GB1203948A - Inductive component - Google Patents

Abstract

1,203,948. Transformers and inductors; magnetic storage devices. TELEFUNKEN PATENTVERWERTUNGS G.m.b.H. 13 Sept., 1967 [30 Sept., 1966], No. 41724/67. Heading H1T. An inductive circuit component, e.g. a transformer, inductor, magnetic switching element or storage element, comprises one or more windings encased by one or more layers of a metallic magnetic material forming a magnetic circuit linking the windings, there being a gap in the layer or layers so as to render it or them electrically discontinuous in the winding direction. As shown, the primary and secondary windings 1, 2 of a transformer are covered with an insulating layer 3, and enclosed in metallic magnetic layers 4, 5, 6 separated by insulation 4a, 5a, an air gap U1 being provided to reduce eddy currents.
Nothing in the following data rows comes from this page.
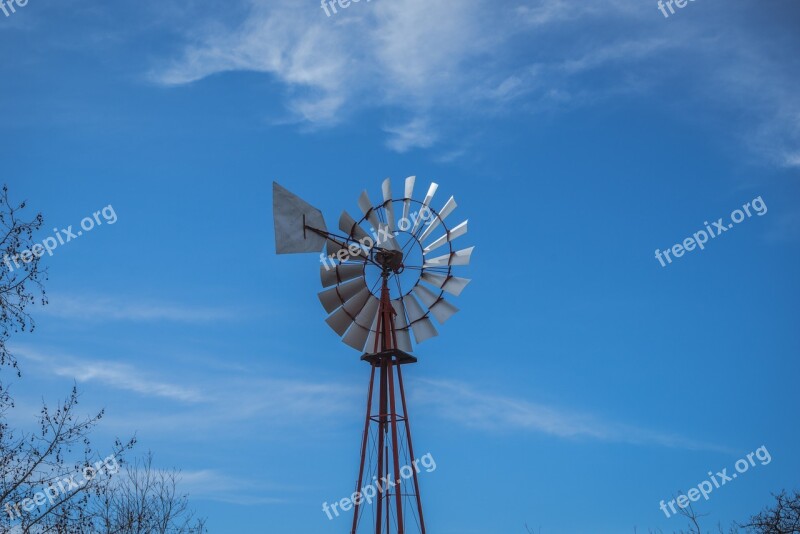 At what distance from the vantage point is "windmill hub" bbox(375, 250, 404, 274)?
55.0 ft

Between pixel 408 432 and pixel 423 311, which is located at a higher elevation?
pixel 423 311

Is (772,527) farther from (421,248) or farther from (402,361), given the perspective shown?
(421,248)

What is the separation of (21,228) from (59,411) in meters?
2.72

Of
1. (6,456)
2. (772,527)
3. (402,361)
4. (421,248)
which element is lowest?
(772,527)

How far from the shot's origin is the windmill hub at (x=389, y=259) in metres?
16.8

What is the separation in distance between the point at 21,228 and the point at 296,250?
562 cm

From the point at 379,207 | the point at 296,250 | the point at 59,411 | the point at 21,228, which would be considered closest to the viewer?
the point at 21,228

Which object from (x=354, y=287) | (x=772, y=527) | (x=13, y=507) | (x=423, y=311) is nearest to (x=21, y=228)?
(x=13, y=507)

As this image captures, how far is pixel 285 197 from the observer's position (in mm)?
15656

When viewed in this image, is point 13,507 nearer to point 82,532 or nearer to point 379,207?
point 82,532

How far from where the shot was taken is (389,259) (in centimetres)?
1680

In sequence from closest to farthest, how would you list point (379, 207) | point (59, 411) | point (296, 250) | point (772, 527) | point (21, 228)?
point (21, 228) → point (59, 411) → point (772, 527) → point (296, 250) → point (379, 207)

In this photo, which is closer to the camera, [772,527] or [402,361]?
[772,527]

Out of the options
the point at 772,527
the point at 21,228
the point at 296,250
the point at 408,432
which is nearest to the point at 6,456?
the point at 21,228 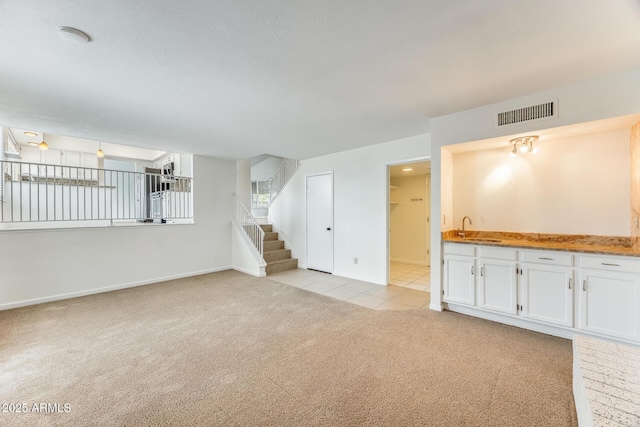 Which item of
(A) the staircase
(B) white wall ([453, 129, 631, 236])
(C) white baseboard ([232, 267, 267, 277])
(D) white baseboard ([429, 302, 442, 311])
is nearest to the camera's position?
(B) white wall ([453, 129, 631, 236])

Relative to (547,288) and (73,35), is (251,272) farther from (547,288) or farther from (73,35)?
(547,288)

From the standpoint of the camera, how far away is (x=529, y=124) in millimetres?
2646

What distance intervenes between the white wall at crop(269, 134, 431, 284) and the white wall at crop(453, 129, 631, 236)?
90 cm

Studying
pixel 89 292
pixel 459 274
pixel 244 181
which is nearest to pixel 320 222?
pixel 244 181

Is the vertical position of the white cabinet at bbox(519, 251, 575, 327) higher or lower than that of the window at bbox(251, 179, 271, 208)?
lower

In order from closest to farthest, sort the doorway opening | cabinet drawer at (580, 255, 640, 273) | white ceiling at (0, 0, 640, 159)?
white ceiling at (0, 0, 640, 159) → cabinet drawer at (580, 255, 640, 273) → the doorway opening

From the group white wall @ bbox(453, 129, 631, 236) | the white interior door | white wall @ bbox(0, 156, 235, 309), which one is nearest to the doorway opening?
the white interior door

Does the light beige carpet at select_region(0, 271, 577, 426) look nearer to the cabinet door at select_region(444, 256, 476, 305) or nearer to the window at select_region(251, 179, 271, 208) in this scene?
the cabinet door at select_region(444, 256, 476, 305)

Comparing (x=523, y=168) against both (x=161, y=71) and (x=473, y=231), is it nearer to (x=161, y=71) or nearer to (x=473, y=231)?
(x=473, y=231)

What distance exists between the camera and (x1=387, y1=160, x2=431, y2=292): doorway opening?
5855mm

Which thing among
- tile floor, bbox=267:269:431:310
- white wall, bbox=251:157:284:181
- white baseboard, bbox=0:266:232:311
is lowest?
tile floor, bbox=267:269:431:310

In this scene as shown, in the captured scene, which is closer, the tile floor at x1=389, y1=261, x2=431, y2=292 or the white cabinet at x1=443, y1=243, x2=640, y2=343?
the white cabinet at x1=443, y1=243, x2=640, y2=343

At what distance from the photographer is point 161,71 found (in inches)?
83.9

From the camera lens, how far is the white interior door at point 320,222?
5.33m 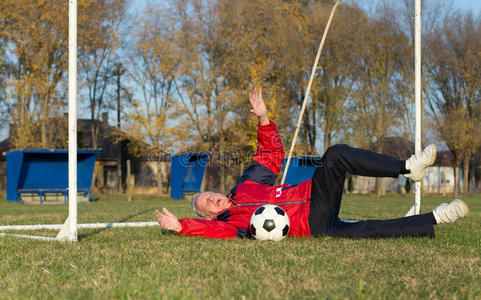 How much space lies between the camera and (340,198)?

An inductor (Fig. 2, not shown) comprises spiral windings (8, 9) photo-etched out of a copper layer applied to an insulating plastics foil (7), the windings being on opposite surfaces of the foil and with the same winding sense about a window (10) in the foil. Applied over the windings is an insulating layer, followed by a magnetic layer provided with an air gap (U2). The windings may be connected in series. Several such flat inductors may be stacked together with a magnetic layer embracing them all round the outside. Another application of the invention is described (Figs. 4-6, not shown). The substrate can be ceramic with screen-printed and fired-on conductors. The magnetic layers may be applied galvanically, electrochemically, electrolytically or electrolessly, several methods being described. The insulating layers may be applied by lacquering, e.g. electrophoretic lacquering, or these layers may be derived from copper, deposited electrolessly and subsequently converted to its oxide by wet chemical processes, or an insulating glaze can be used. The thickness of the magnetic layers applied is matched to the frequency range and particular application of the component, examples being described. The material of the magnetic layers may be iron-nickel alloy or highly permeable alloys of the permalloy type, and the method and conditions of deposition will depend on the desired characteristics of the layers. The inductance can be measured continuously during manufacture, and deposition of magnetic material halted when a desired value is reached. A control magnetic field may be produced during manufacture by passage of current through the component.